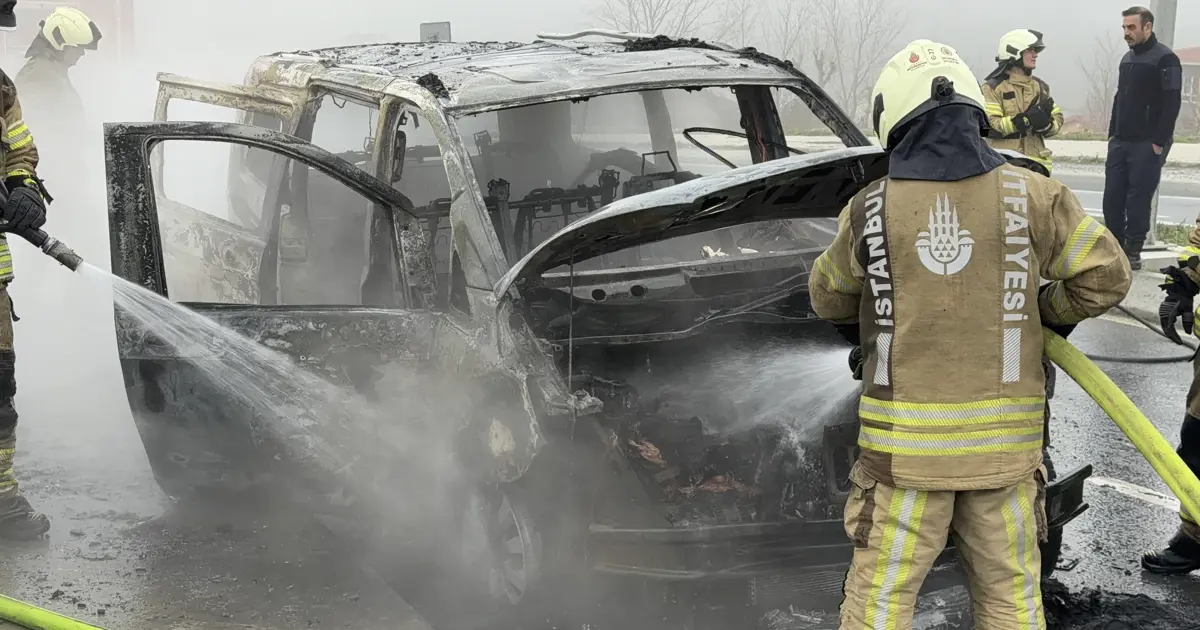 Seyir halindeki VIP taksi alev alev yandı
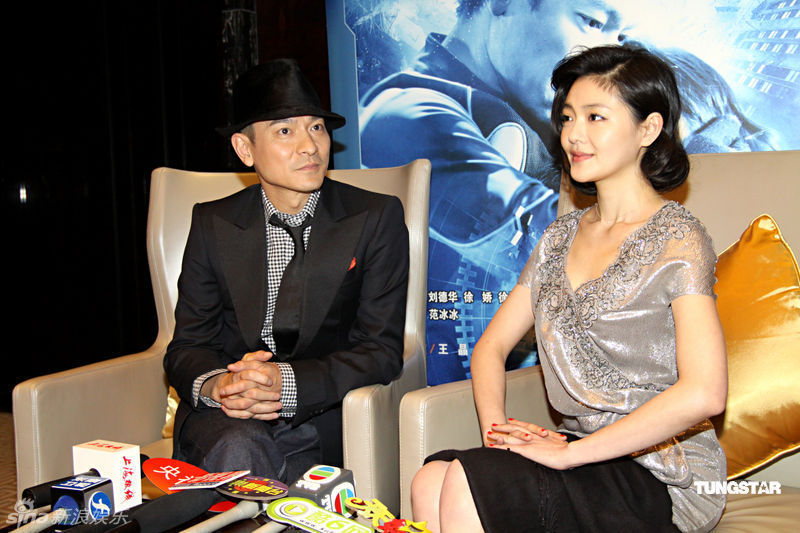 大s正襟危坐防走光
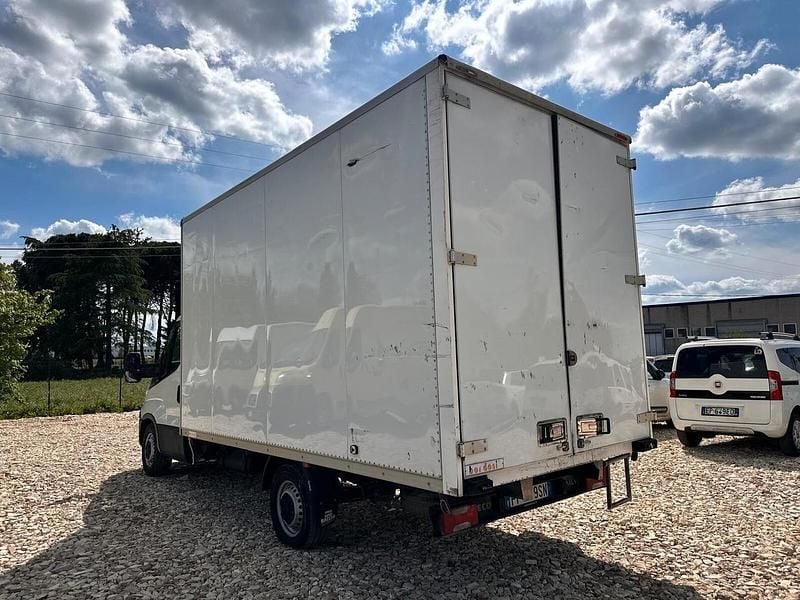 Usata Iveco Daily 135 CV (99 kW) 2018 Bianco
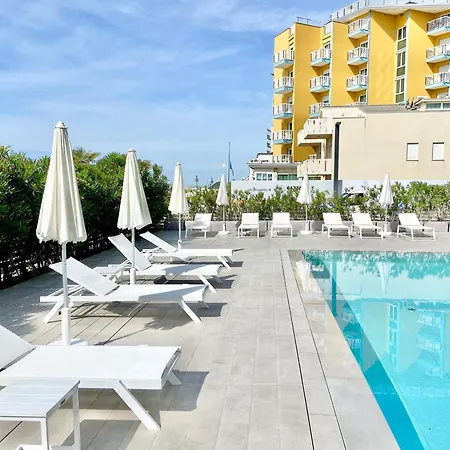 Apartment Tahiti Frontemare - - Solo Famiglie Lido di Jesolo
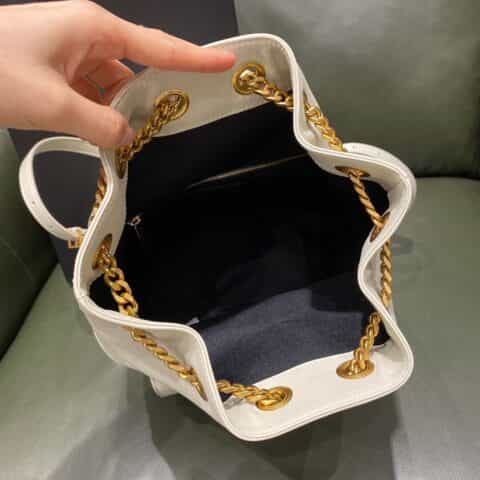 Saint laurent Ysl 𝐉𝐨𝐞 𝐛𝐚𝐜𝐤𝐩𝐚𝐜𝐤 “V”型绗缝双肩包 672609奶白色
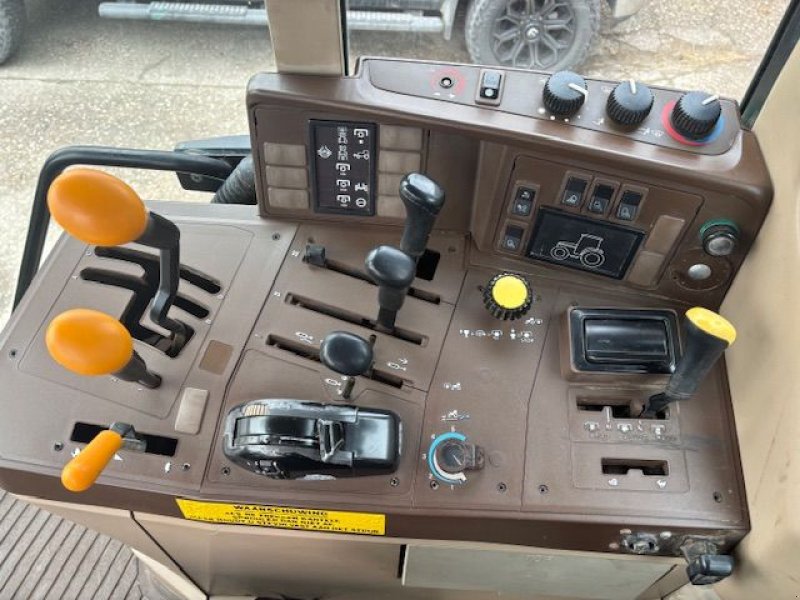 Traktor typu John Deere 6110, Gebrauchtmaschine v St. - Jacobiparochie (Obrázok 9)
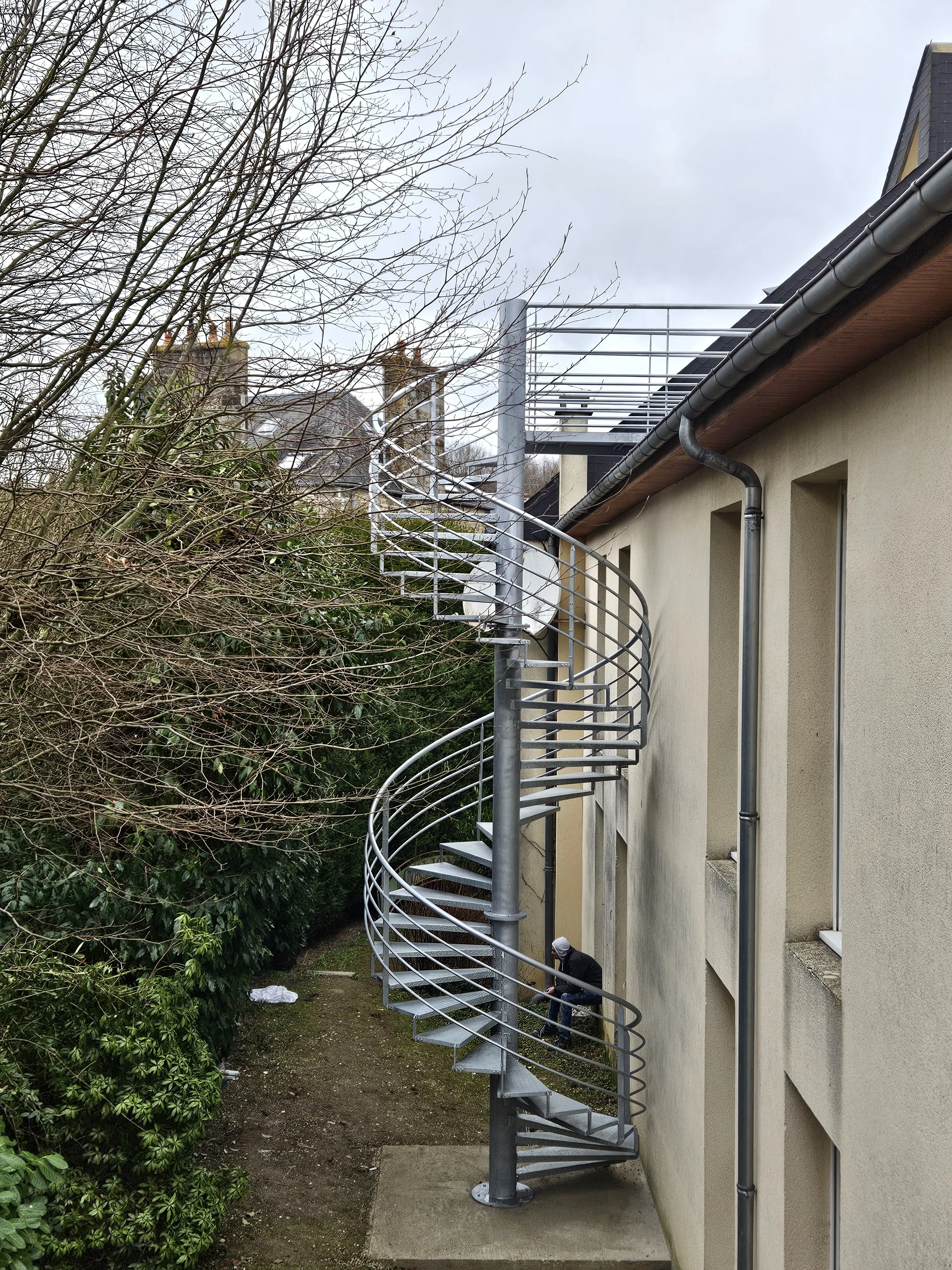 Escalier industriel sur mesure — réalisation SEVEN STAR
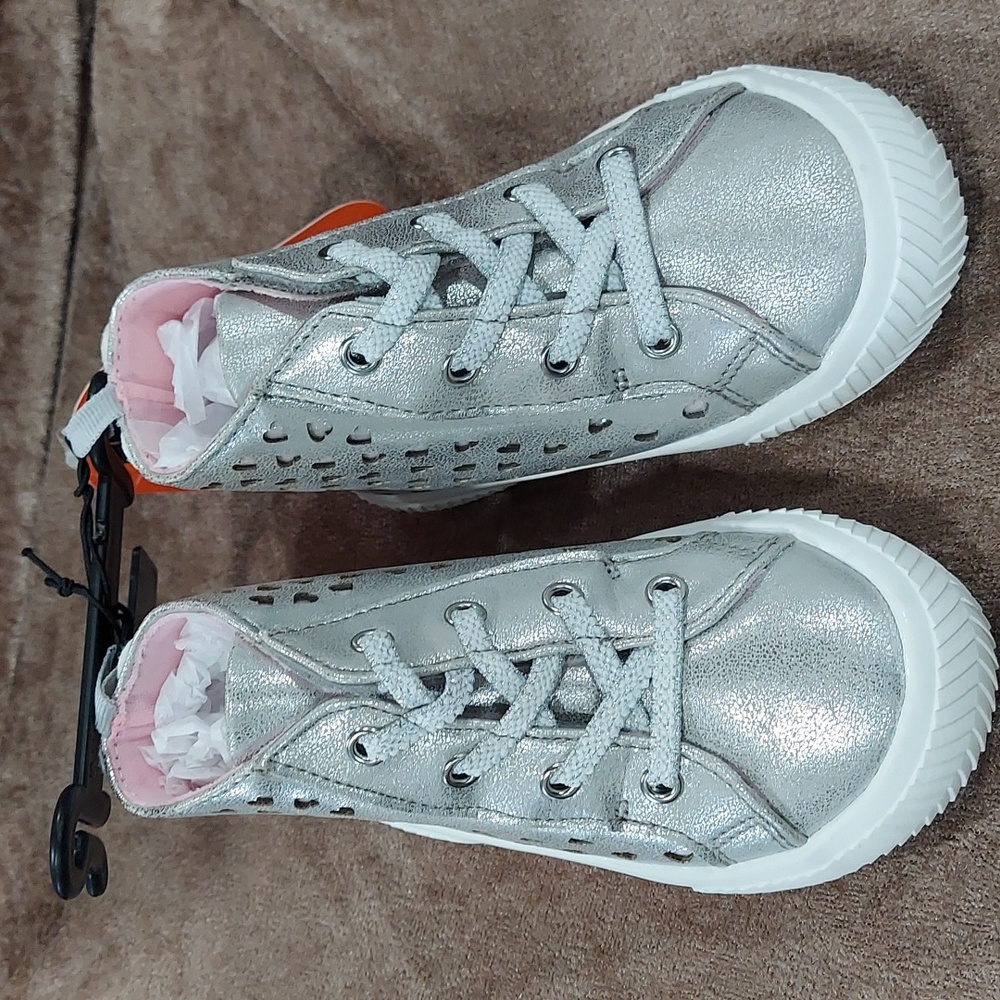 Wonder Nation high tops size 6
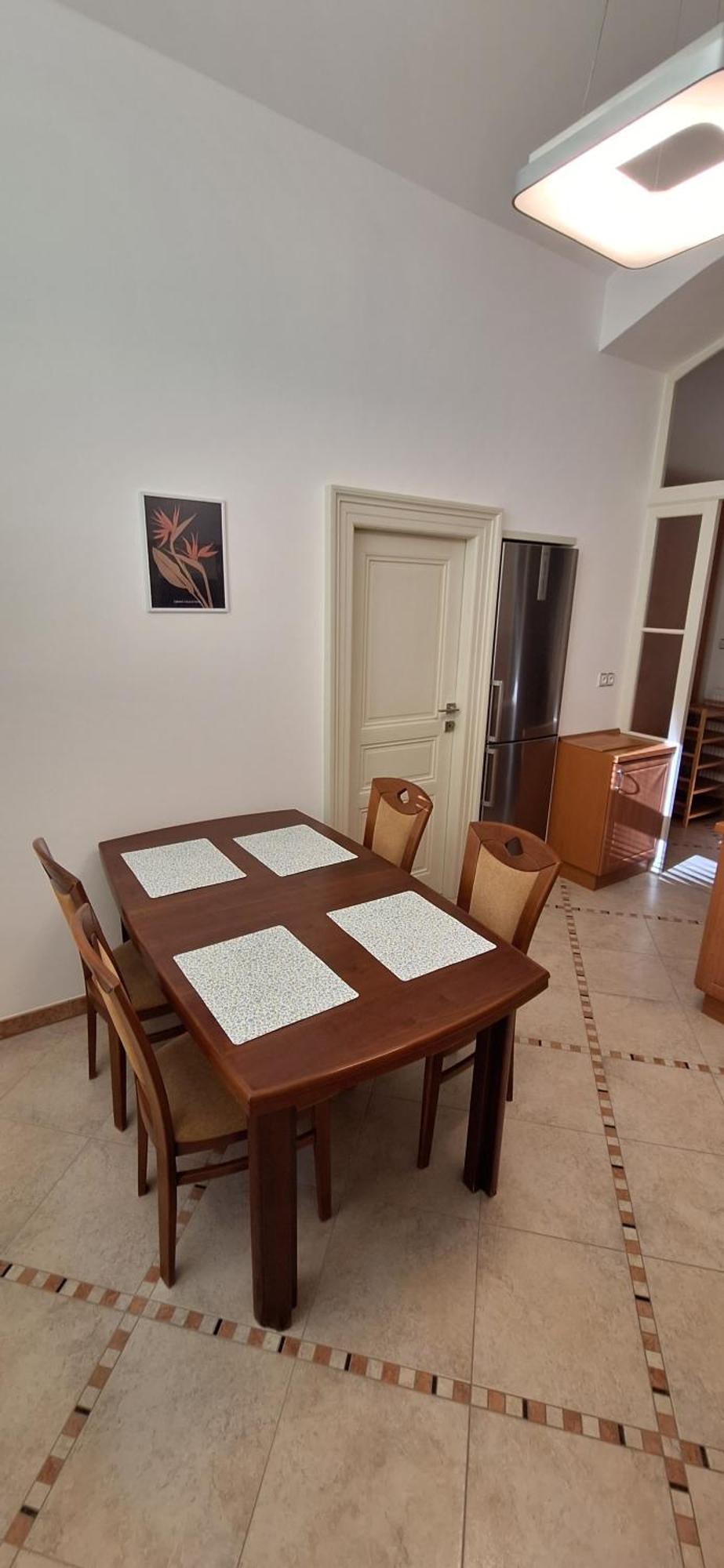 Center Thomas No1 דירה *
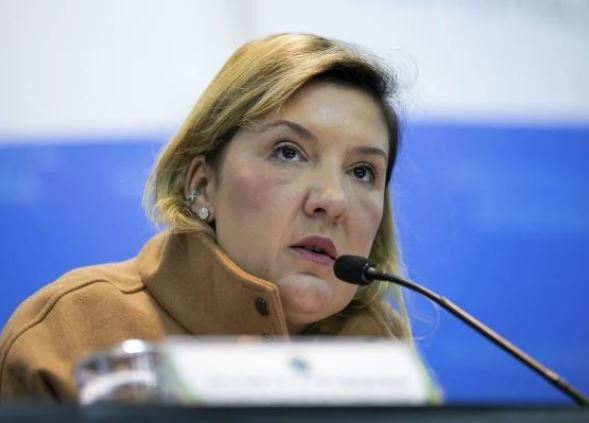 caixa - Bolsonaro escolhe uma mulher para substituir presidente da Caixa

◆ **ABOUT THIS EXERCISE**
Output the listing above in full and exactly, with pictures excluded.

◆ **COMPLETED TASK**
 Seyir halindeki VIP taksi alev alev yandı
 大s正襟危坐防走光
 Usata Iveco Daily 135 CV (99 kW) 2018 Bianco
 Apartment Tahiti Frontemare - - Solo Famiglie Lido di Jesolo
 Saint laurent Ysl 𝐉𝐨𝐞 𝐛𝐚𝐜𝐤𝐩𝐚𝐜𝐤 “V”型绗缝双肩包 672609奶白色
 Traktor typu John Deere 6110, Gebrauchtmaschine v St. - Jacobiparochie (Obrázok 9)
 Escalier industriel sur mesure — réalisation SEVEN STAR
 Wonder Nation high tops size 6
 Center Thomas No1 דירה *
 caixa - Bolsonaro escolhe uma mulher para substituir presidente da Caixa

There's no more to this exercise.